HIS-4454
The Project and the Territory: Japan Story
What is the future of urbanization?
What role can design play in shaping that future?
What will happen to the conflicting tensions between urban and rural?
How might technology transform our experience of the physical and social worlds?
This course will use the concept of the project, as both idea and implementation, to examine contemporary architecture and urbanization both reflectively and prospectively. Through a critical analysis of the historical evolution and contemporary conditions of Japanese cities and regions, and their encounters with disruption and continuity — such as World War II, the 1964 and 2020 Olympics, the bubble economy, and the 1995 Kobe earthquake — we aim to question and reimagine the future relationships between the physical and social worlds.
Drawing from architecture, urban design, technology, theory and practice, infrastructure and nature, institutions and memory, as well as literary and visual culture, the presentations consider how the physical and social worlds interact. We will examine speculative and built work from both the metropolitan centers and the regional cities, focusing on alternative models of practice, especially those emerging from younger generations responding to a post-growth condition.
The course integrates representations of Japanese life through literature, film, photography, and theory to explore the evolving tensions between center and periphery, tradition and modernity, spectacle and the everyday. While the focus will be on Japan, we will consider these ideas in light of parallel developments elsewhere in the world facing similar demographic and economic shifts.

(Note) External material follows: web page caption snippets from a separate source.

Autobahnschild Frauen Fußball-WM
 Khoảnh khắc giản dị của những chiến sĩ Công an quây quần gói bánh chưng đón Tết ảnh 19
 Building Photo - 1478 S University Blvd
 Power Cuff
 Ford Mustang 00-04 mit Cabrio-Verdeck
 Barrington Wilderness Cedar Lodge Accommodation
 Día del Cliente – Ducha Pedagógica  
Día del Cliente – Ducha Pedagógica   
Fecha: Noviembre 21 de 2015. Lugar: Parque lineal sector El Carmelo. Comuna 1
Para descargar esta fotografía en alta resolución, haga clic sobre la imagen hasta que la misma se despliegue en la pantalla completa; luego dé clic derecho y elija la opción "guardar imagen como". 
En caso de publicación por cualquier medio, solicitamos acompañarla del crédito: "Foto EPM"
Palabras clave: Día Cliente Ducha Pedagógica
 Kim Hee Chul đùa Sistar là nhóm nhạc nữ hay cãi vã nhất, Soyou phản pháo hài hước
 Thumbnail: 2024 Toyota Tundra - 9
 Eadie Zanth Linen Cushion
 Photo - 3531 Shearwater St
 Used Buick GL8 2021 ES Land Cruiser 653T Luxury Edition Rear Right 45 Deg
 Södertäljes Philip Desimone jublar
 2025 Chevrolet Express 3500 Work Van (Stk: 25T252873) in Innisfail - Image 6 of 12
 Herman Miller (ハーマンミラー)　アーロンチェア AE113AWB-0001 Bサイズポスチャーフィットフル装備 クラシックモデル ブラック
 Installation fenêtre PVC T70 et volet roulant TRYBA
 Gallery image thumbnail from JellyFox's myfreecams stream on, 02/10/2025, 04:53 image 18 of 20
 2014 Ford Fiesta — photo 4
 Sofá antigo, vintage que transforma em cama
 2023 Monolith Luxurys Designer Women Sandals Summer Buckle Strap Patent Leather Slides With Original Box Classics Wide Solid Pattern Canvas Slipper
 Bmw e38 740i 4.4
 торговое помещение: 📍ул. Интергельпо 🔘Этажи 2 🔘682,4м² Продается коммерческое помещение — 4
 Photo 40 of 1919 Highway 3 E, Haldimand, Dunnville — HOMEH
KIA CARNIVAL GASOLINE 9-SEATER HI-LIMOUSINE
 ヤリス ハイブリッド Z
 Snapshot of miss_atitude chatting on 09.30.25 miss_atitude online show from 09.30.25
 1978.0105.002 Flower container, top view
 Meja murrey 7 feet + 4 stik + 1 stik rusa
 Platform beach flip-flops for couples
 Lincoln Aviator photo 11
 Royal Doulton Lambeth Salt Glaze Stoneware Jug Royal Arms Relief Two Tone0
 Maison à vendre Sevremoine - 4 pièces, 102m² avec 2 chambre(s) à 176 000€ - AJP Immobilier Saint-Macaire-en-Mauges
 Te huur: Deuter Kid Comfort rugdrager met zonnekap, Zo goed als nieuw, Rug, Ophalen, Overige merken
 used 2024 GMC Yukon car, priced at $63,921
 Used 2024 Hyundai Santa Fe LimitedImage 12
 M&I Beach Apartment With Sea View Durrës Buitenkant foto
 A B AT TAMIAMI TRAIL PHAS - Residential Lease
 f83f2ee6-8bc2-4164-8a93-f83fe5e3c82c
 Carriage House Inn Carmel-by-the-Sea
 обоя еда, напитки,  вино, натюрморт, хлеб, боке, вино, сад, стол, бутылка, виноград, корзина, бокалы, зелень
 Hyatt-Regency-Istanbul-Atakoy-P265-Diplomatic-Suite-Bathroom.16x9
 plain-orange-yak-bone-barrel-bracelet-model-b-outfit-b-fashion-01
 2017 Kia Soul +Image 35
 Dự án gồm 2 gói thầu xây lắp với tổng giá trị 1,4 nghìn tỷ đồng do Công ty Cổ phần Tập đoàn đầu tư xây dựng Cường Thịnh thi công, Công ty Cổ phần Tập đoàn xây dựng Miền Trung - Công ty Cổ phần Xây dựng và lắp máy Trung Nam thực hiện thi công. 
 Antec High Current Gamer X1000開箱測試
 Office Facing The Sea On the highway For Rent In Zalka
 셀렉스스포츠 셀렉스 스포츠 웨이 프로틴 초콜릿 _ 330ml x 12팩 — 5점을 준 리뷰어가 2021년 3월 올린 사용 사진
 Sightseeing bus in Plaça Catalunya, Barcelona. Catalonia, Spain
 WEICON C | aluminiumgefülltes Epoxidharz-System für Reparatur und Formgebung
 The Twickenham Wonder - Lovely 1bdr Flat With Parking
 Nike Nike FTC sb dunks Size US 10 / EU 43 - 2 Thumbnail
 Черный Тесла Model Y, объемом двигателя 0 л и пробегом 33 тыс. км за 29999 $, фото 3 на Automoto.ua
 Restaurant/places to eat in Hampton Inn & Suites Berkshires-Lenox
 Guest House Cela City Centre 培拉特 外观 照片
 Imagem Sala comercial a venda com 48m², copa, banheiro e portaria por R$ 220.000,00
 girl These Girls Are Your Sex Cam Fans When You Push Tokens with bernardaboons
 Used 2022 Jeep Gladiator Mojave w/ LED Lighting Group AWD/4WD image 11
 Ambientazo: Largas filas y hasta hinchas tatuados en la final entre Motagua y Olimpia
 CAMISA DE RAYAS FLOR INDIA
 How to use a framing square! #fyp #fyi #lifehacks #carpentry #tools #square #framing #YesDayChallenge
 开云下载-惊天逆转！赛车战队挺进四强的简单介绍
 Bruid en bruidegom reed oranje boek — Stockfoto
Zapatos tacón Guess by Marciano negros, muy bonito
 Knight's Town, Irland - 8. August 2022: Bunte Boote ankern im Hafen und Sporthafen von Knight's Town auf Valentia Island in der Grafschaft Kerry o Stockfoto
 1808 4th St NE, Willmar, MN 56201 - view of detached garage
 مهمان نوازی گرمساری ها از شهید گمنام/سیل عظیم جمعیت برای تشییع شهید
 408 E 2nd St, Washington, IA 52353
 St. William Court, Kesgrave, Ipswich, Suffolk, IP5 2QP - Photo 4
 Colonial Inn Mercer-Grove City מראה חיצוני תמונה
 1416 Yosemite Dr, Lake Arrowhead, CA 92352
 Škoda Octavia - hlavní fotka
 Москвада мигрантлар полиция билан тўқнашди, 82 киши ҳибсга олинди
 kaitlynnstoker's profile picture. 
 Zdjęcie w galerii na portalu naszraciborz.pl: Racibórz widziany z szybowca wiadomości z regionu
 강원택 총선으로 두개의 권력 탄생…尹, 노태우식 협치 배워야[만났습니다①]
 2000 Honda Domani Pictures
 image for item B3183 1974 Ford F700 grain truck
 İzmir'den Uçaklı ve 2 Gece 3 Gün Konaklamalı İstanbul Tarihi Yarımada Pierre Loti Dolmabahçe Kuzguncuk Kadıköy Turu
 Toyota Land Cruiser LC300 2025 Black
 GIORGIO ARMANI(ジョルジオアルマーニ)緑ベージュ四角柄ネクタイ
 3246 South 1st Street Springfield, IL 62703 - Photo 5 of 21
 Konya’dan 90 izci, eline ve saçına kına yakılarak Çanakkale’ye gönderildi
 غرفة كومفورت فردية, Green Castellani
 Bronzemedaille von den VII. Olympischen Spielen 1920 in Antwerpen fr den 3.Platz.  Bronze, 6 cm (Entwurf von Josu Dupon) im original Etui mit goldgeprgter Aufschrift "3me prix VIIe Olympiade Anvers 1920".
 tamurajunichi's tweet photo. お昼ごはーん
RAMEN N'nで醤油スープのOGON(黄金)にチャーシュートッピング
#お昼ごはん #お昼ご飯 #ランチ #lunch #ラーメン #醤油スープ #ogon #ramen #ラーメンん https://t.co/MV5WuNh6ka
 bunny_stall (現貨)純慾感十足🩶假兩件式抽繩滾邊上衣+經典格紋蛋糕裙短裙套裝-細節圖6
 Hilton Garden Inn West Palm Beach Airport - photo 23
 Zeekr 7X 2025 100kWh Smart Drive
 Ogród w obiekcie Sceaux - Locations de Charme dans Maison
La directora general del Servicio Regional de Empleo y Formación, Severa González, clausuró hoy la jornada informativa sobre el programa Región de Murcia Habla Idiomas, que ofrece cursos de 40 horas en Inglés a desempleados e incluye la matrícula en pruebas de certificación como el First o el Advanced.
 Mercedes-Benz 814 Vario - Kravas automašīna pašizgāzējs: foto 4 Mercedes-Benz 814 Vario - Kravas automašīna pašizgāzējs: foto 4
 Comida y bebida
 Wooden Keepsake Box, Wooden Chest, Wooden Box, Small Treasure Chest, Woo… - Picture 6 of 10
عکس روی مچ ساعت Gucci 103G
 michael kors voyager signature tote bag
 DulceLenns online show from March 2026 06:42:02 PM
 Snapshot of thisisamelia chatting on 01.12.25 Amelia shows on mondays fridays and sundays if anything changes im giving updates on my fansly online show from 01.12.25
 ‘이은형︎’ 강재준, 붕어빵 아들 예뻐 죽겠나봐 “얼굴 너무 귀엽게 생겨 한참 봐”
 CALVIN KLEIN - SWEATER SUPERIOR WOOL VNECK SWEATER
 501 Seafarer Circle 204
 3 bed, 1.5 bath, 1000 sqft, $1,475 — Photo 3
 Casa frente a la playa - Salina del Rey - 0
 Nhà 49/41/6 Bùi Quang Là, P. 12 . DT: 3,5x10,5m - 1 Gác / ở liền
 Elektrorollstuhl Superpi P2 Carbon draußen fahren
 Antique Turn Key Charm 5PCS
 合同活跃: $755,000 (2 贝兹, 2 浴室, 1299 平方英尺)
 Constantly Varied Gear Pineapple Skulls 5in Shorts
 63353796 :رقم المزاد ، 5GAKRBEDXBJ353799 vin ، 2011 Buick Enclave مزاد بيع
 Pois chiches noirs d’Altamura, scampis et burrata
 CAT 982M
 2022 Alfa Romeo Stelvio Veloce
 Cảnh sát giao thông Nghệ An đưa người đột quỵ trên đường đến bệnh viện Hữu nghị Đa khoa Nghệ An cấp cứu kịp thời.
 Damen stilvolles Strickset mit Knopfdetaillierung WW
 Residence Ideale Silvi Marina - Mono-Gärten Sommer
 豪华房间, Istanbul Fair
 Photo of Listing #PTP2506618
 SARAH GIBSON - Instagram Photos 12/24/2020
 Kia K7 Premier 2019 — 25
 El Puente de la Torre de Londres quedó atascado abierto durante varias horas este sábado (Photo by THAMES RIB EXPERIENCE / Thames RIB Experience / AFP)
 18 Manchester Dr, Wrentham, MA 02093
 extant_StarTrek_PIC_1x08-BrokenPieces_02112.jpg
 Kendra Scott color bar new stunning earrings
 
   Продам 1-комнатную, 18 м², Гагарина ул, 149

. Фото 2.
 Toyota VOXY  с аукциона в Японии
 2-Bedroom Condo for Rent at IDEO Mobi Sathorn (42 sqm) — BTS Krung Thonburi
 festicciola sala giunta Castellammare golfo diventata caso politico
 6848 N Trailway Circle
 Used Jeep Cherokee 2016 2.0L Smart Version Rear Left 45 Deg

The course will feature lectures, guest speakers from near and far, and class discussions based on a wide array of visual and textual materials provided for asynchronous review. Over the course of the semester, students undertake independent investigations into an issue of their choice, culminating in a speculative project.
Note regarding the Fall 2025 GSD academic calendar: The first day of classes, Tuesday, September 2nd, is held as a MONDAY schedule at the GSD. This course will meet for the first time on Tuesday, September 2nd.